Q: So it is an adversarial relationship?
A: Regardless of what I might like to believe personally, at the point “Eclogue” appears in the book, I would have to agree with you, yes, it is adversarial—that is the tragedy of the poem. But that is only the starting point of the relationship, or it can be, and that is the larger project or narrative of the book.
Q: So this notion of narrative, of the book as a single unit, raises the question, is this a traditional collection of poems? On the cover it says, “Poems by Randall Potts.”
A: I wouldn’t take that statement too literally. It’s not a collection of poems in the conventional sense, no. It is a series of poems arranged to be read in a specific order to create a single poem. The phrase “Poems by” is confusing, but also accurate in the sense that there are a number of traditional standalone poems amidst other more fragmentary unorthodox poems.
Q: Did you write this book in a similar way, using a similar process, to your earlier collection “Collision Center?”
A: No. One poem “Utopia Parkway” which was the first poem I wrote in the new manuscript uses a process of collage and sampling similar but not identical to that used in “Testimonie Skinne” in Collision Center; but in “Utopia Parkway” I didn’t use collage as a generative technique.
Q: What do you mean by collage as a generative technique?
A: It’s very difficult not to use collage as a technique in writing, taking lines or phrases and putting them together as you compose a poem or prose piece. In that sense, collage is used to supply detail or adjust the scale of something already identified as a subject. When I talk about collage as a generative technique, I mean that I collage words, phrases or lines together without any preconceived idea of the subject of the poem I’m composing. In that case, the poem and the subject of the poem emerge at the moment of collage. In “Utopia Parkway,” I used collage as a compositional technique, but I tried to honor Cornell’s subjects in the quotations I “extended” from his work, so it was not used generatively.
Q: Why did you choose to change your process?
A: I found the results of my particular collage-based process to be limiting. I wanted to write about different states of being that required a different kind of process to access and represent. The state of being in my collage technique existed at the moment of composition. I wanted to be able to capture experience as something active in my life, not just in my head at one specific moment. In other words, I wanted to write poems with subjects.
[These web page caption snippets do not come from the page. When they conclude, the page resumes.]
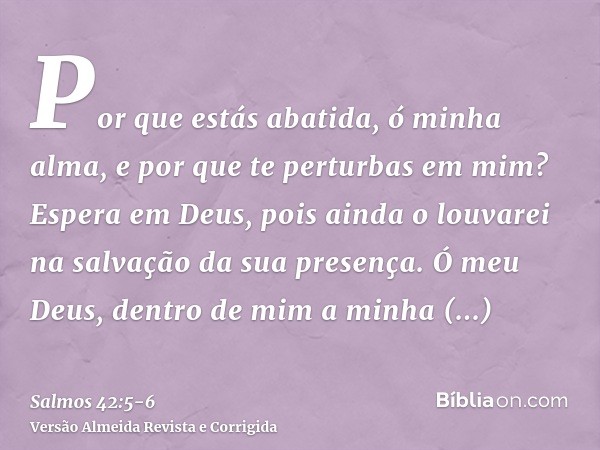 Por que estás abatida, ó minha alma, e por que te perturbas em mim? Espera em Deus, pois ainda o louvarei na salvação da sua presença.Ó meu Deus, dentro de mim 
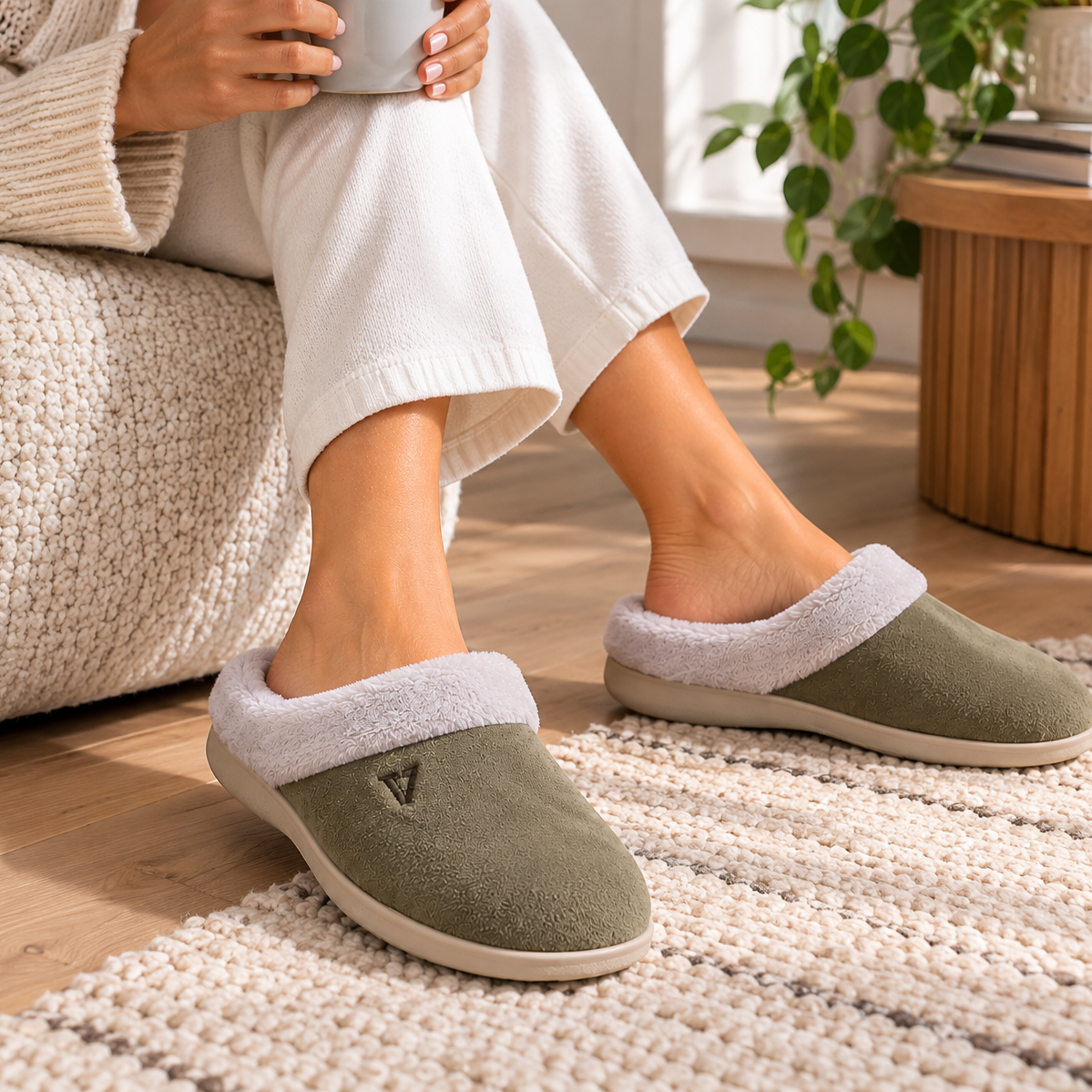 Pantofola Valleverde Olivo verde con bordo panna indossata in casa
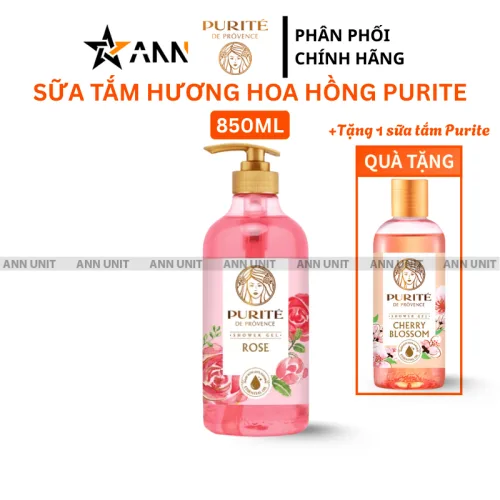 Sữa tắm Purite Rose 850ml tặng sữa tắm Cherry Blossom 60ml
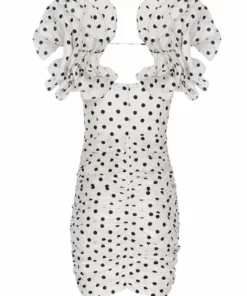 Alessandra Rich Rushed Polka Dot Mini Dress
Q: Isn’t that rather egotistical? Is your subjective experience so interesting that it should matter to others?
A: Yes, exactly right. To make art is an enormously egotistical impulse and yet beyond subjective experience, especially what I would call “feeling,” there really isn’t very much else that can carry meaning—
Q: So you believe your subjective experience is useful to everyone?
A: If I intend to carry meaning, to write about subjects, to enter into a conversation with the poetic tradition and human history, I feel I must risk being misunderstood or even wrong. I think a question of integrity underlies any question of subjectivity. If I embrace sincerity and integrity, then my subjectivity is hopefully rendered clearly in concrete experiences that are significant and available to others.
Q: Many of the experiences in your book are dreams or feel like dreams and they seem to embrace a very odd kind of storytelling. What is the subject you are trying to reveal?
A: This returns to the earlier question about the adversarial relationship to the female generative darkness, to which I replied that I thought another more positive relationship was possible—the construction of that relationship is the subject of the book. It begins with acknowledgement of the predatory and destructive nature of our human selves and our current suicidal cultural trajectory and then reaches back to try to establish a direct, unmediated, archaic relationship to the world of which we are a part.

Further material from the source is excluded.